AIMEE'S CHOCOLATE CHIP COOKIE DOUGH ICE CREAM COOKIE PIE
It is a mouth-full to say, but a delightful bite to eat!
- Cookie dough (homemade or store-bought)
- Chocolate Chip Cookie Dough Ice Cream (softened enough to work with it)
- Chocolate Whipped Cream (recipe below)
- Chocolate Almond Ganache (recipe below)
Preheat oven to 350. Place cookie dough in a 9-inch round pan. Press the dough all over the pan, and into the edges; up the sides, just a bit. Bake for about 16-18 minutes, or until the cookie crust is golden. Remove from the oven and allow to cool, completely. Once the cookie is completely cooled, spread the ice cream over the crust, then cover with aluminum foil and place back into the freezer to set. Top with the homemade chocolate whipped cream, then drizzle the chocolate almond ganache across the tops and even the bottom of the plates, before serving. Enjoy!
AIMEE'S CHOCOLATE WHIPPED CREAM
- 1 cup heavy whipping cream
- 4 Tablespoons powdered sugar
- 1 Tablespoon cocoa
Sift powdered sugar and cocoa together and set aside. Beat heavy whipping cream, then slowly add the powdered sugar and cocoa, until soft peaks form. Spoon on top of the mini cheesecakes. Store any leftovers in an air-tight container. (Leftovers are delicious in coffee!)

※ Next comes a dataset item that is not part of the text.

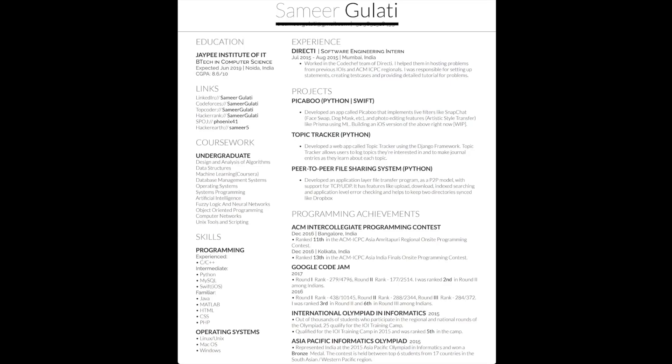This is the resume I applied to Google with — let's dissect it. As you can see, it is one page long and most of the sections are those I described previously. There are some things I could improve, so let's discuss those. You can see my name here; the blacked-out part is my email address and phone number.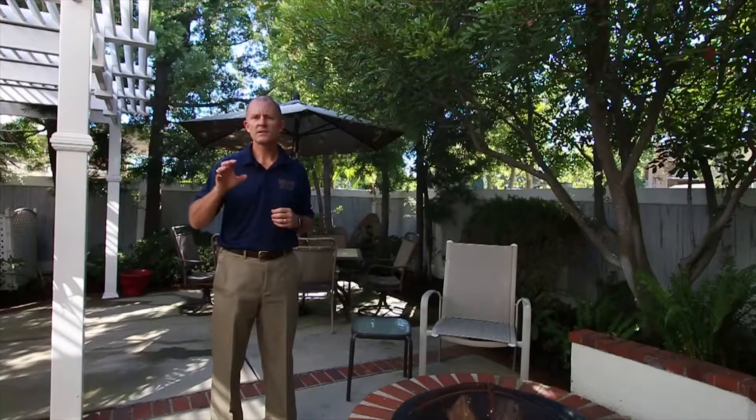Hi, I'm Jim Bishop with Berkshire Hathaway Home Services. Welcome to Three Pepperwood. This Laurelmont home has a nice backyard. It's close to the community pool and spa. Let's go take a look.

AIMEE'S CHOCOLATE ALMOND GANACHE
- 1 1/2 cups semisweet chocolate chips (or a good quality chocolate bar, chopped)
- 3/4 cup heavy cream
- 1/2 teaspoon almond extract
Place chocolate in a bowl and set aside. In a saucepan, heat the heavy cream over medium heat (you will not boil the cream, just heat it until you see “movement” then remove from heat. Pour heavy cream over chocolate chips and allow to sit for just a moment, then use a whisk to stir chocolate until melted. Add the almond extract as the chocolate mixture is melting, and continue to stir until combined.